Source material -

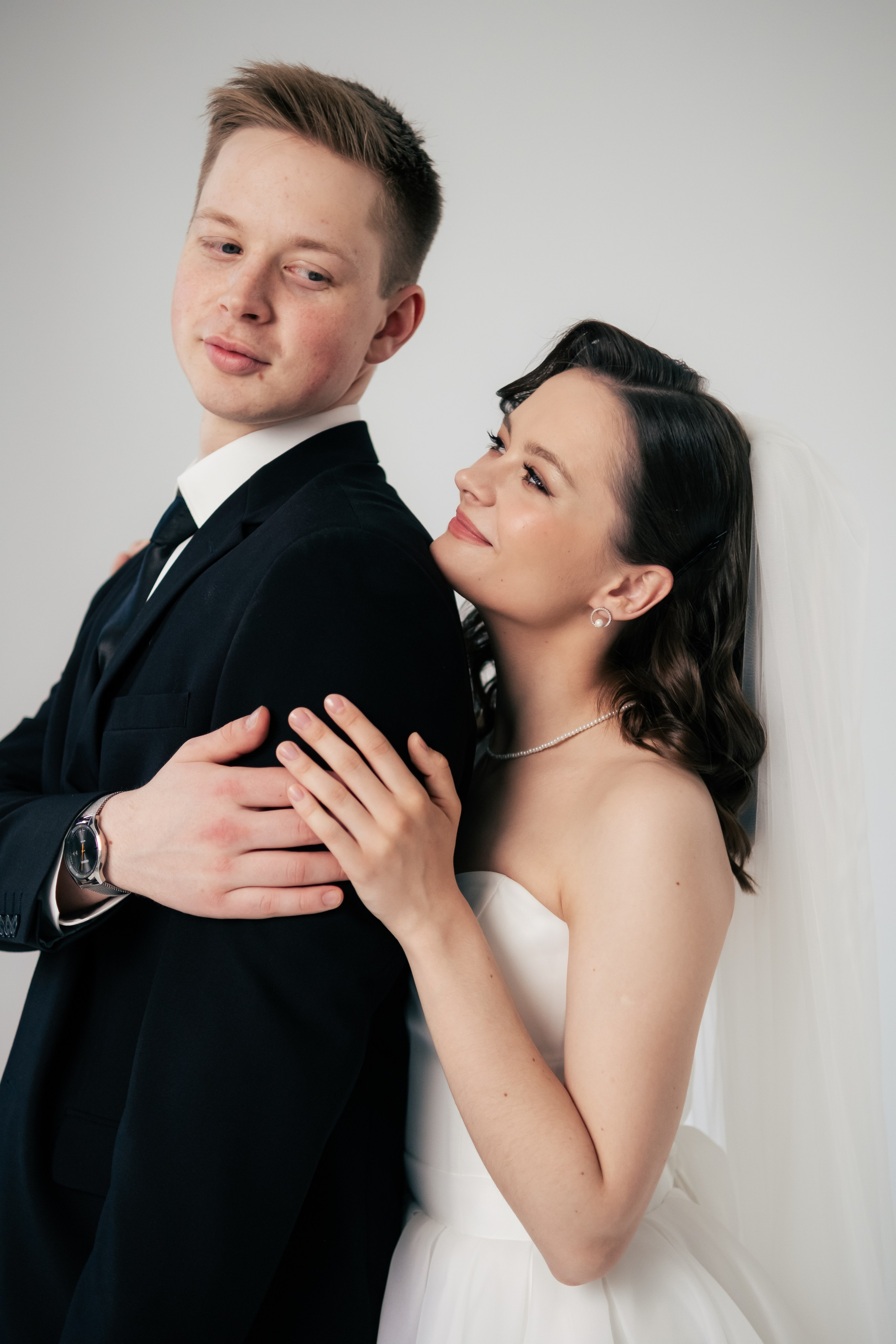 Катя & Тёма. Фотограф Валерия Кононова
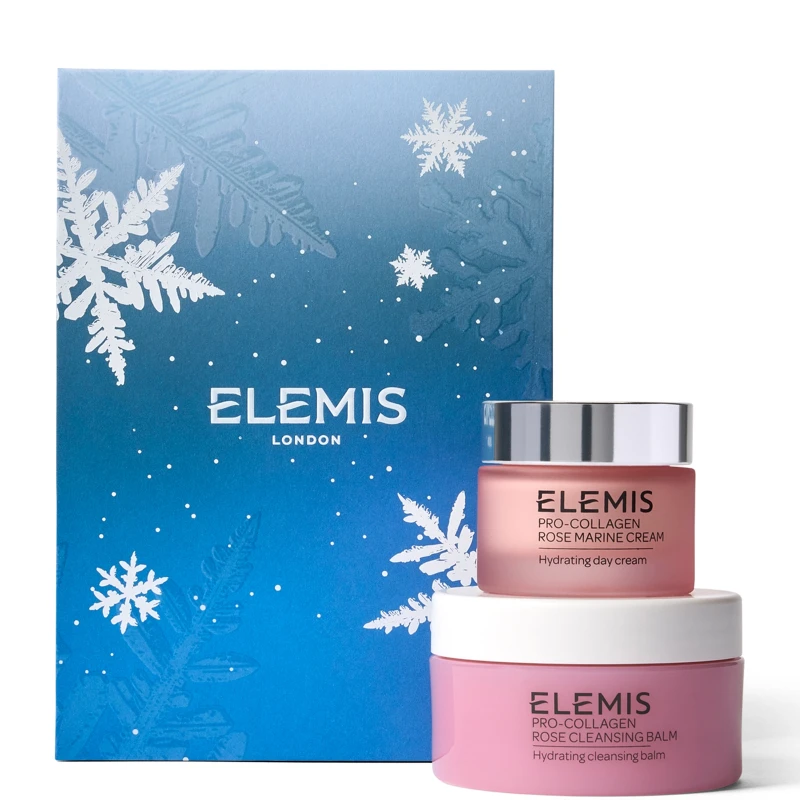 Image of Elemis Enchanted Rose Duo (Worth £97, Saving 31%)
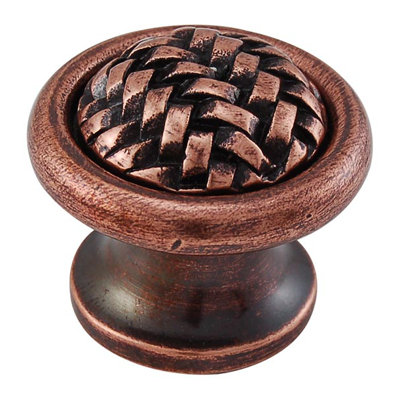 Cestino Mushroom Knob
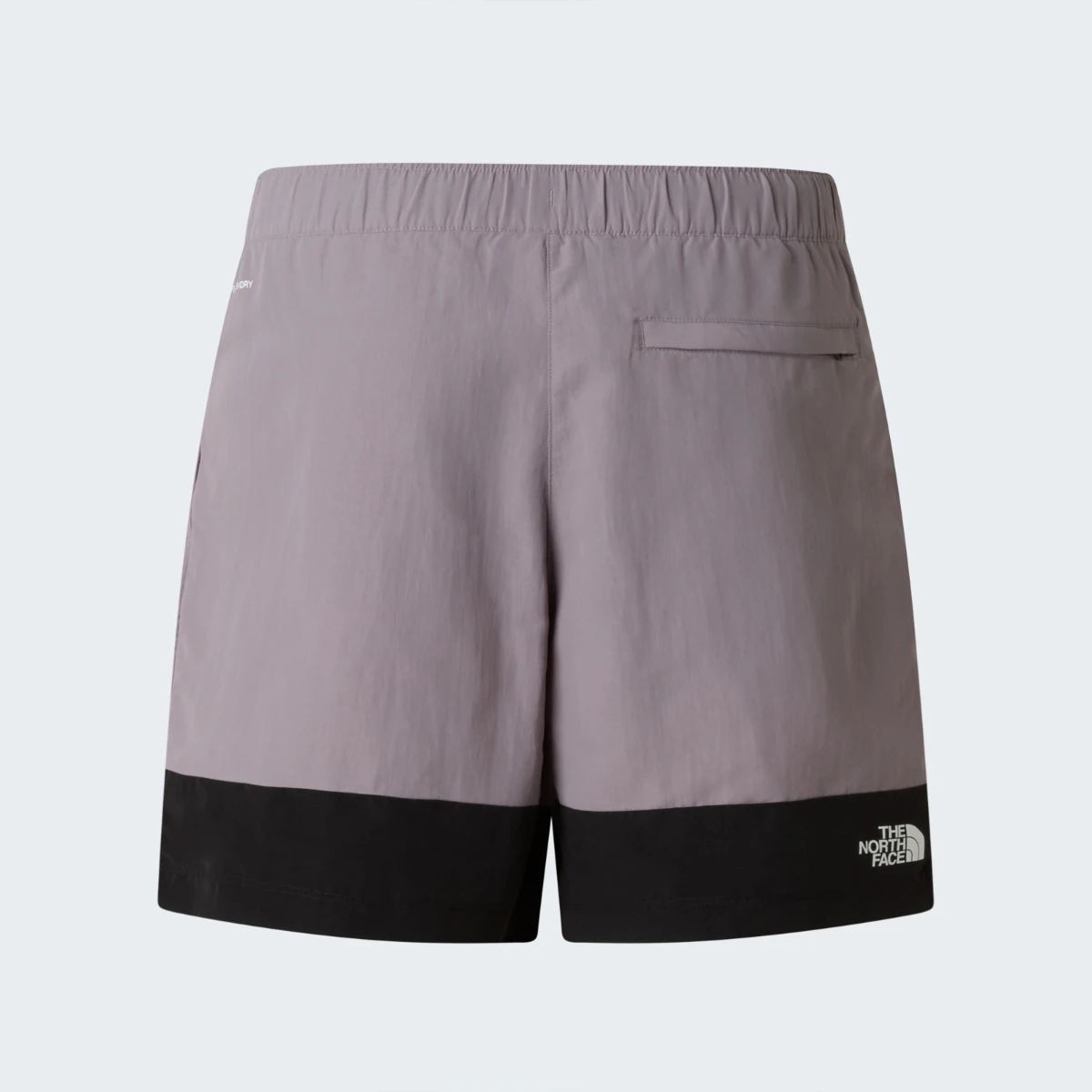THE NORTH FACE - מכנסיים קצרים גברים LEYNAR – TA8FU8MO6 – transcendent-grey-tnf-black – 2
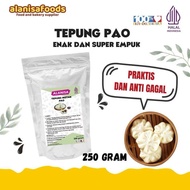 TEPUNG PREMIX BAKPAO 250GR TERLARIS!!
---
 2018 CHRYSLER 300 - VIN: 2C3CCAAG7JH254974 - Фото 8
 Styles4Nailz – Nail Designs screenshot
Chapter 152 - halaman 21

Exercise - Please output the lines above beginning at the line with "Cestino Mushroom Knob" and ending after the line with "TEPUNG PREMIX BAKPAO 250GR TERLARIS!!", precisely as written and with no pictures.

Solution to this task -
 Cestino Mushroom Knob
THE NORTH FACE - מכנסיים קצרים גברים LEYNAR – TA8FU8MO6 – transcendent-grey-tnf-black – 2
 TEPUNG PREMIX BAKPAO 250GR TERLARIS!!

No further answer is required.